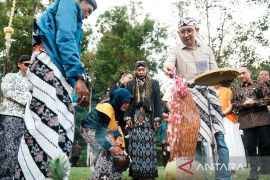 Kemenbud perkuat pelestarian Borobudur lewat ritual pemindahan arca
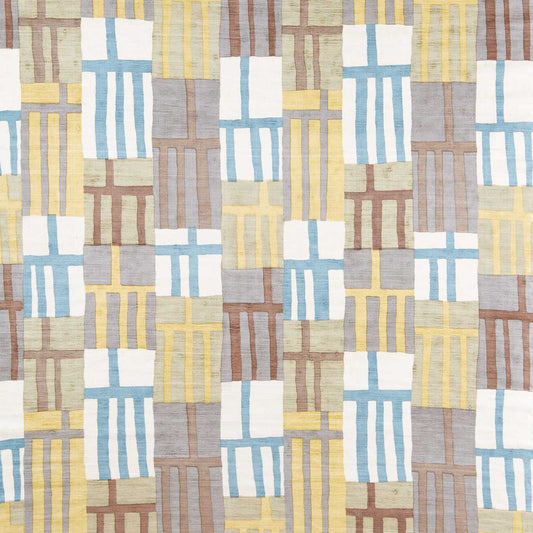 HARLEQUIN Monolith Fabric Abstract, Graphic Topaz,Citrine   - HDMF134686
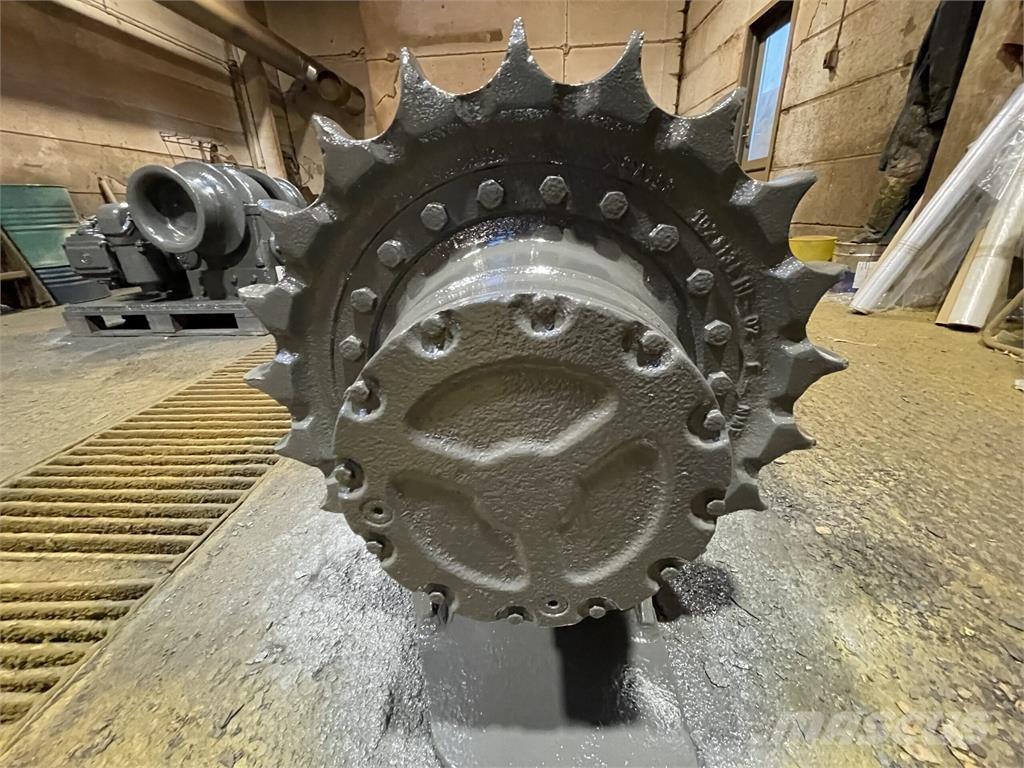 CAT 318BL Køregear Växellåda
* * * * * * * * *
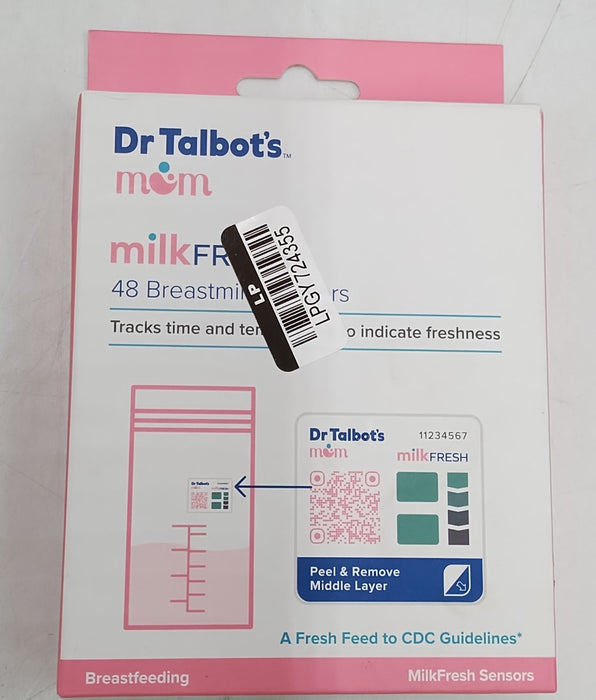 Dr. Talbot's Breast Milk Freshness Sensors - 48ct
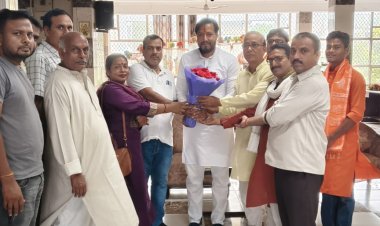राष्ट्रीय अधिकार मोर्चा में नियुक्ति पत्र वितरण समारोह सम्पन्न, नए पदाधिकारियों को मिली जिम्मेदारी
* * * * * * * * *
## What you need to do
Copy the lines above exactly, starting with the line that contains "Kemenbud perkuat pelestarian" and ending with the line that contains "CAT 318BL Køregear Växellåda", and leave out any pictures.

## Exercise result
 Kemenbud perkuat pelestarian Borobudur lewat ritual pemindahan arca
 HARLEQUIN Monolith Fabric Abstract, Graphic Topaz,Citrine   - HDMF134686
 CAT 318BL Køregear Växellåda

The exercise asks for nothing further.